J-03-199
droit commercial général – bail commercial – expulsion du locataire – incompétence du juge des référés.
Le Juge du fond étant, aux termes de l’article 101 de l’Acte Uniforme portant Droit Commercial Général, seul compétent pour prononcer la résiliation et par voie de conséquence, l’expulsion du preneur d’un local à usage commercial, le Juge des référés ne peut statuer sur une demande en expulsion.

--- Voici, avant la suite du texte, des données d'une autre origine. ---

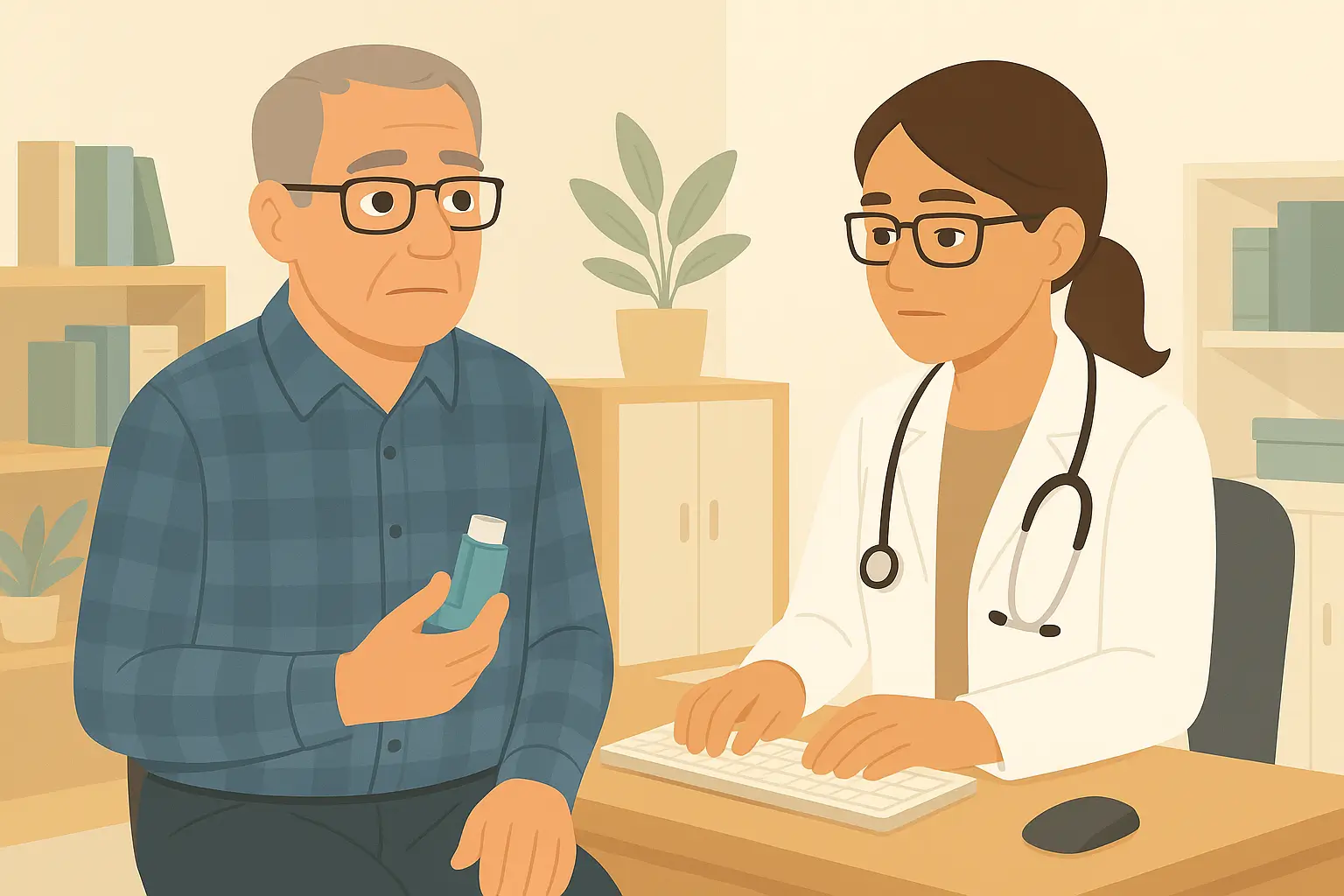 A doctor is conversing with an elderly man in a medical office setting.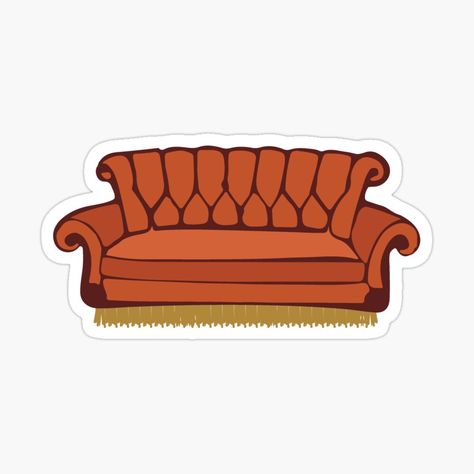 FRIENDS iconic orange couch sticker Friends Vector, Friends Couch, Mobile Stickers, Orange Couch, Friends Sketch, Friends Clipart, Orange Sofa, Scrapbook Printing, Friends Tv Series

En le faisant, il outrepasse sa compétence.
Article 101 AUDCG
[Cour d’appel d’Abidjan, arrêt n°301 du 09 mars 2001, O. c/ dame A. née M, Le Juris Ohada, n° 2/2003, avril-juin 2003, p. 46, note anonyme].
La Cour,
Vu les pièces du dossier;
Ensemble l'exposé des faits, procédure, prétentions des parties et motifs ci-après;
DES FAITS, PROCEDURE ET PRETENTIONS DES PARTIES
Par exploit en date du 14 décembre 2000 comportant ajournement au 29 décembre 2000, O. a relevé appel de l'ordonnance de référé n° 4247 rendue le 08 novembre 2000 par la juridiction présidentielle du Tribunal d’Abidjan, qui a ordonné son expulsion des lieux qu’il occupe, pour non-paiement de loyer, et l’exécution provisoire de la présente décision;
Des pièces du dossier, il ressort que par exploit en date du 25 septembre 2000, dame A., née M., a fait assigner O. en référé, pour voir ordonner son expulsion, au motif qu’elle subit un préjudice, du fait du non paiement de loyers pendant dix mois, du local à usage commercial qu'elle a donné en location à ce dernier;
Le défendeur, cité à sa personne, ne s'étant pas présenté, n'a fait valoir aucun moyen de défense;
Le Juge des référés, au motif que O. est redevable de la somme de 750.000 FCFA, représentant des loyers échus et impayés, a ordonné son expulsion des lieux loués;
En cause d'appel, O. sollicite l'infirmation de l'ordonnance entreprise, en faisant valoir d'une part, que cette ordonnance a été prise sans que l'assignation ait été délivrée à sa personne et, d'autre part, l'incompétence du Juge des référés en se fondant sur l'article 101 de l'Acte Uniforme portant droit commercial;
En réponse, dame A. insiste sur la mauvaise foi de O., qui a émis plusieurs chèques qui sont revenus impayés, et sollicite sa condamnation au paiement de la somme de 1.880.000 FCFA.
DES MOTIFS
EN LA FORME
L'appel relevé par O., dans les forme et délai légaux, est recevable;
AU FOND
O. soulève l'incompétence du Juge des référés, en se fondant sur l'alinéa 5 de l'article 101 du Traité OHADA portant droit commercial général;
En effet, il est précisé en cet alinéa, que : "le jugement prononçant la résiliation ne peut
intervenir qu'après l'expiration d'un délai d'un mois suivant la notification de la demande aux
créanciers inscrits";
Le terme de jugement ne se réfère nullement à la juridiction des référés, mais plutôt au Juge du fond, qui est seul compétent, et ce en vertu de l'alinéa 2 de l'article 101 du Traité OHADA (sic), pour prononcer la résiliation et, par voie de conséquence, l'expulsion du preneur d'un local à usage commercial;
Il s'ensuit que le Juge des référés ne pouvait pas statuer sur la demande en expulsion qui lui était soumise par dame A.;
En le faisant, il a outrepassé sa compétence, de sorte que l'ordonnance entreprise doit être infirmée, et la Cour, statuant à nouveau, se déclarera incompétente;
L'intimée, qui succombe, doit être condamnée aux dépens..
PAR CES MOTIFS
Statuant publiquement, contradictoirement, en matière civile et en dernier ressort;
– Déclare recevable et bien fondé, l’appel de O.;
– Infirme l’ordonnance de référé n° 4247 du 08 novembre 2000;
Statuant à nouveau :
– Déclare la juridiction des référés incompétente;
– Renvoie les parties à se pourvoir par-devant le Juge du fond, compétent.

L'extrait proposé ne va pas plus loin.